Exercise data —
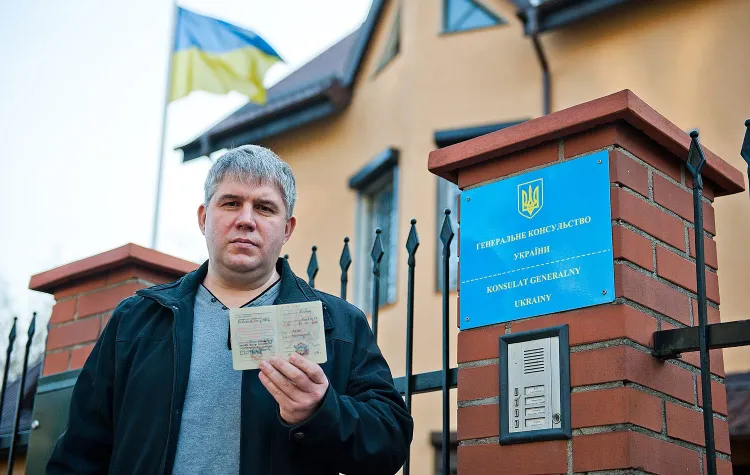 Viacheslav Shevchuk ze swoją książeczką wojskową przed konsulatem Ukrainy w Gdańsku.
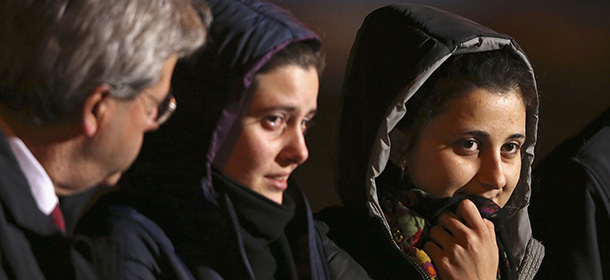 Greta Ramelli (C) and Vanessa Marzullo (R), two Italian aid workers taken hostage in Syria five months ago, arrive at Ciampino airport flanked by Italy's Foreign Minister Paolo Gentiloni in Rome January 16, 2015. In August 2014, Italy's Foreign Ministry said the pair were taken hostage while seeking to provide healthcare assistance in the embattled northern city of Aleppo. REUTERS/Alessandro Bianchi (ITALY - Tags: CRIME LAW POLITICS)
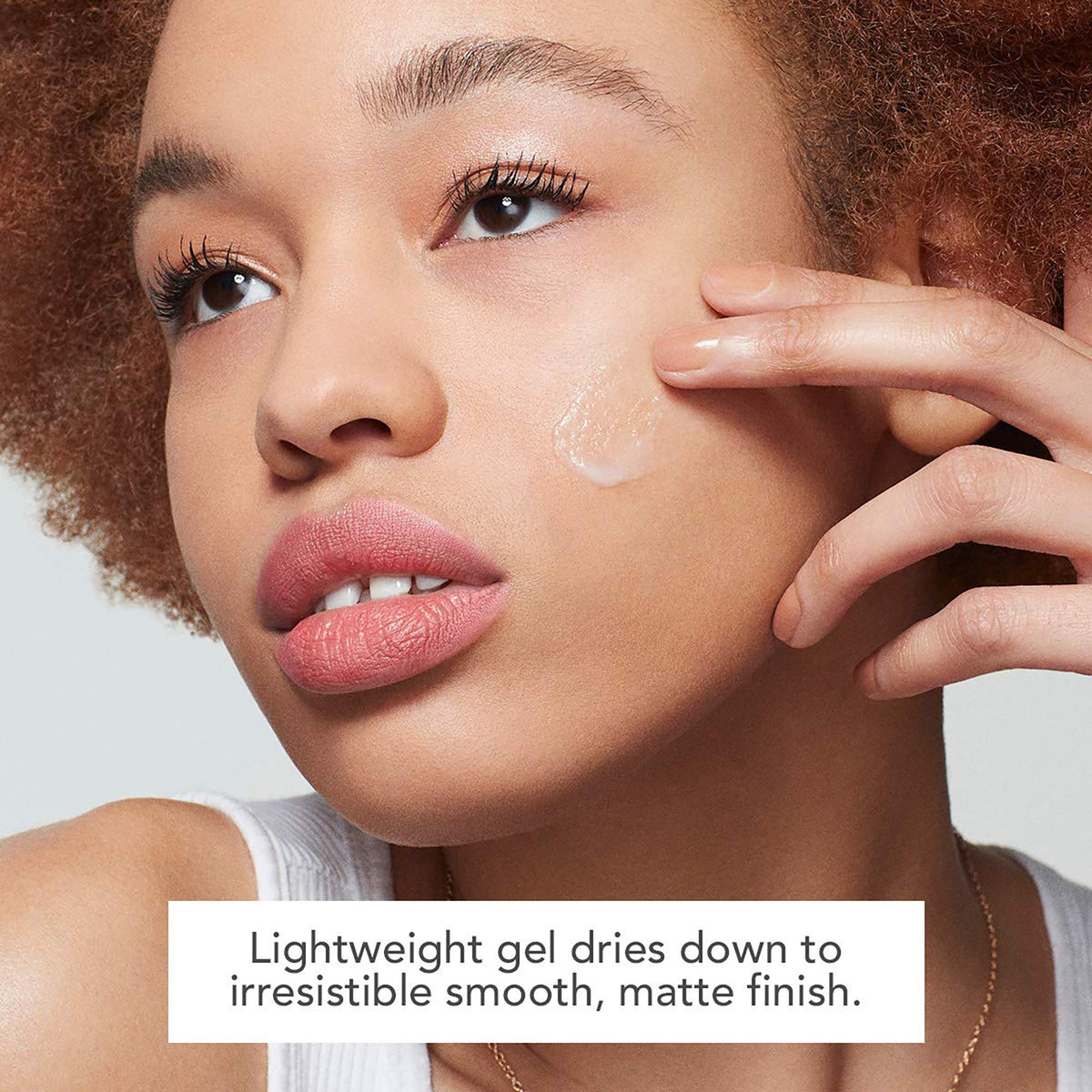 Dermablend primer applied on cheek showing smooth, matte finish benefit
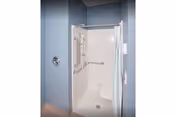 Blue-walled accessible bathroom featuring a shower stall with grab bars.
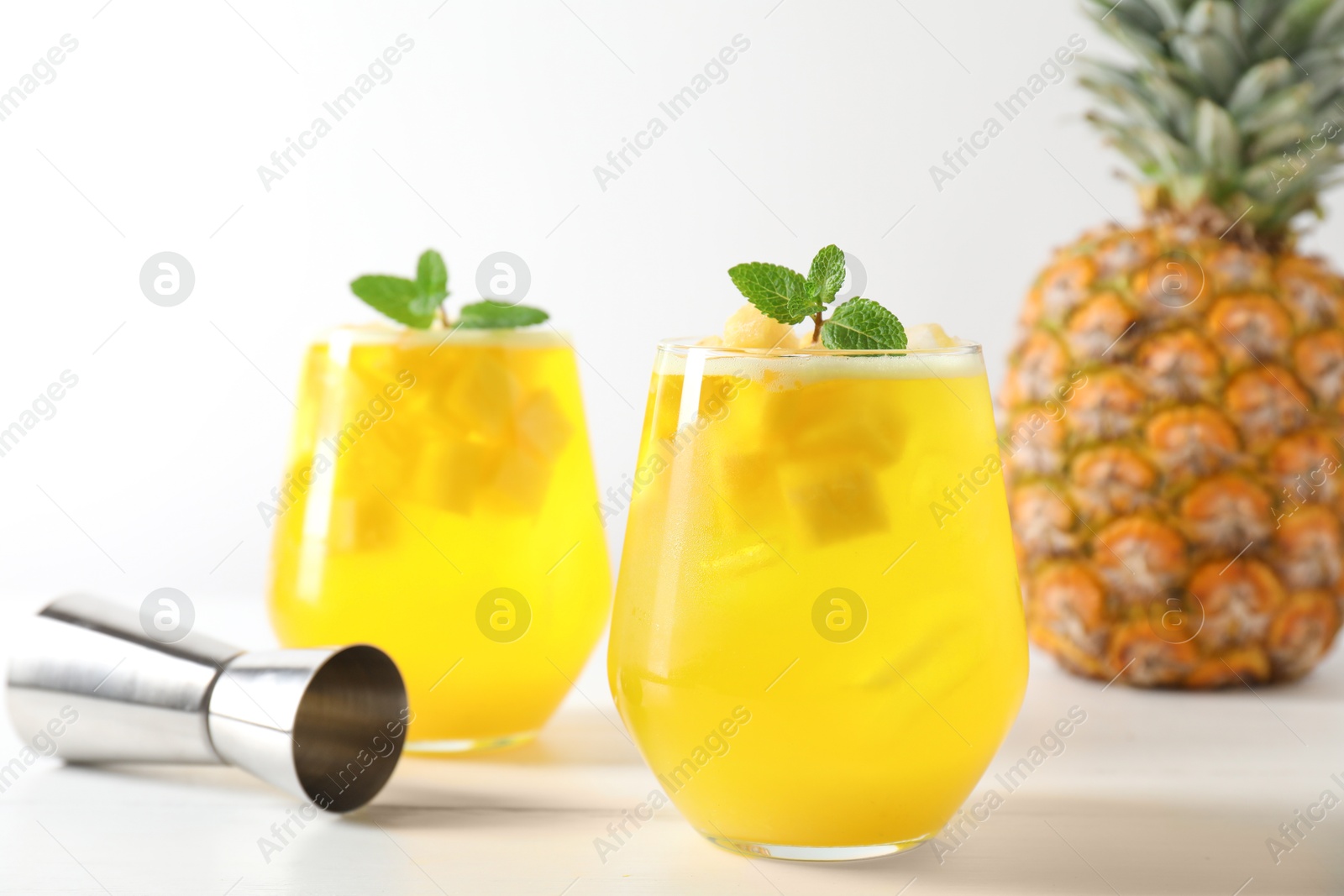 Photo of Tasty pineapple cocktail with mint in glasses and jigger on light table, closeup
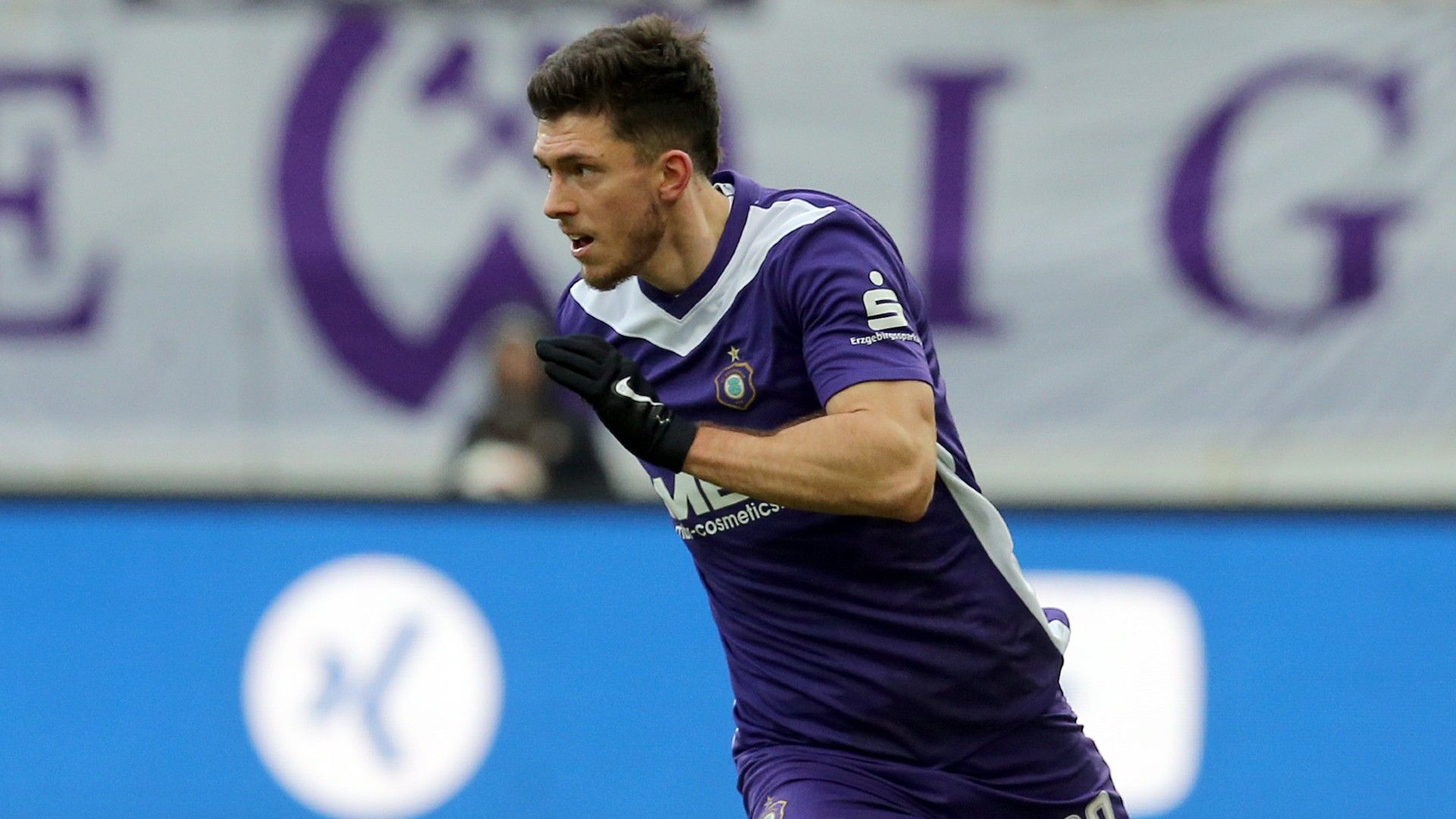 Linus Rosenloecher of Aue runs with the ball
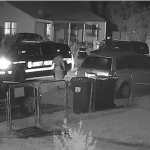 Black and white still from nighttime video footage shows two New Castle County Police SUVs with headlights on in a residential street. The grainy footage looks over a small front yard with chain link fence, trash cans left for pickup and a few parked vehicles. A few police officers and another person are visible.
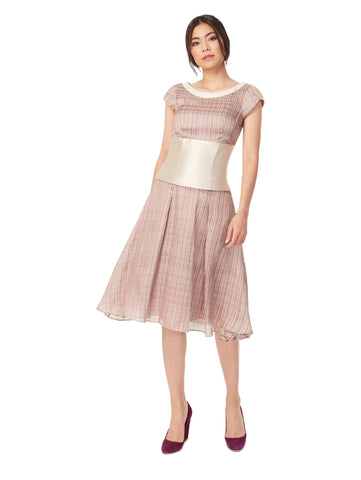 Front view of 3-way fitted waist flair dress in fig pink, available from British sustainable fashion brand DEPLOY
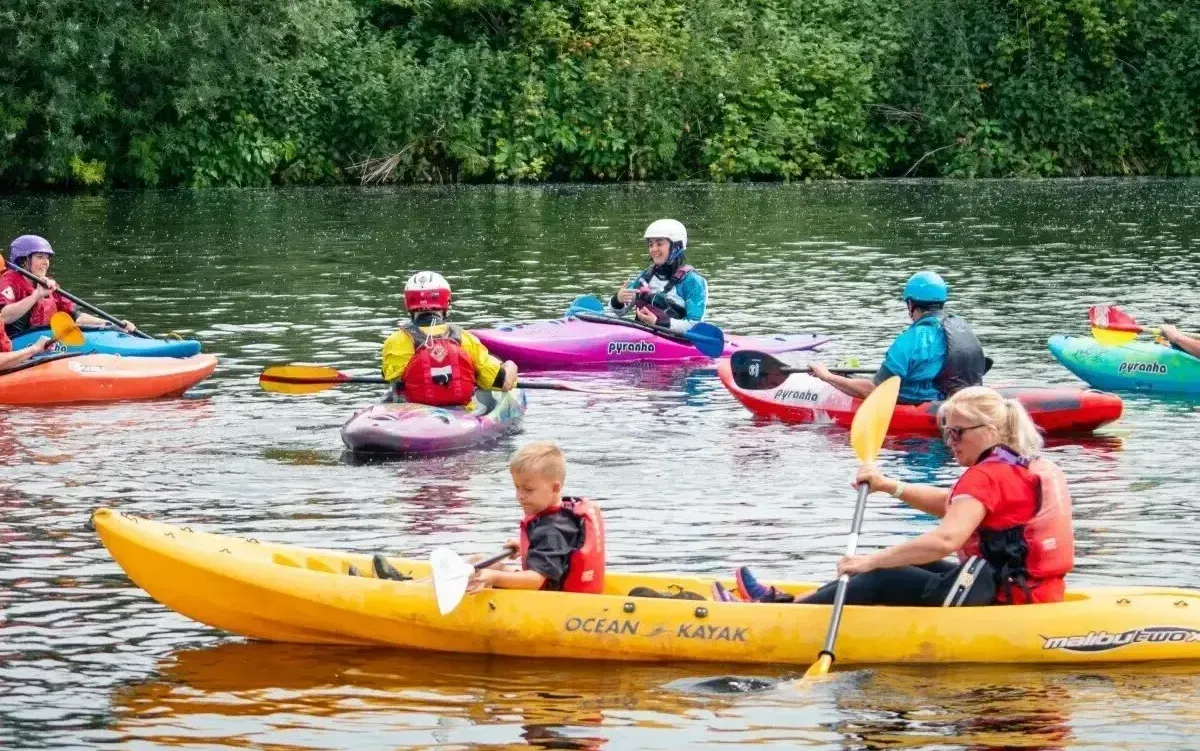 Group of people kayaking on a calm river. Several colorful kayaks, various ages wearing life vests and helmets, enjoying the water in a natural setting.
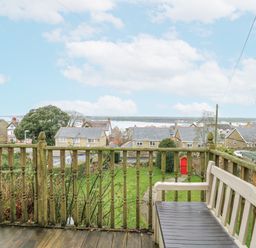 A garden with a view of houses and greenery at Preswylfa Apartment in Caernarfon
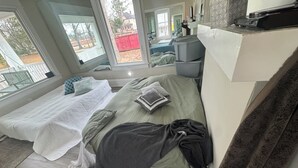 A bedroom with a bed, a small table, and a window.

Exercise directions — Repeat the listing above exactly, omitting the pictures it contains.

Written response —
 Viacheslav Shevchuk ze swoją książeczką wojskową przed konsulatem Ukrainy w Gdańsku.
 Greta Ramelli (C) and Vanessa Marzullo (R), two Italian aid workers taken hostage in Syria five months ago, arrive at Ciampino airport flanked by Italy's Foreign Minister Paolo Gentiloni in Rome January 16, 2015. In August 2014, Italy's Foreign Ministry said the pair were taken hostage while seeking to provide healthcare assistance in the embattled northern city of Aleppo. REUTERS/Alessandro Bianchi (ITALY - Tags: CRIME LAW POLITICS)
 Dermablend primer applied on cheek showing smooth, matte finish benefit
 Blue-walled accessible bathroom featuring a shower stall with grab bars.
 Photo of Tasty pineapple cocktail with mint in glasses and jigger on light table, closeup
 Linus Rosenloecher of Aue runs with the ball
 Black and white still from nighttime video footage shows two New Castle County Police SUVs with headlights on in a residential street. The grainy footage looks over a small front yard with chain link fence, trash cans left for pickup and a few parked vehicles. A few police officers and another person are visible.
 Front view of 3-way fitted waist flair dress in fig pink, available from British sustainable fashion brand DEPLOY
 Group of people kayaking on a calm river. Several colorful kayaks, various ages wearing life vests and helmets, enjoying the water in a natural setting.
 A garden with a view of houses and greenery at Preswylfa Apartment in Caernarfon
 A bedroom with a bed, a small table, and a window.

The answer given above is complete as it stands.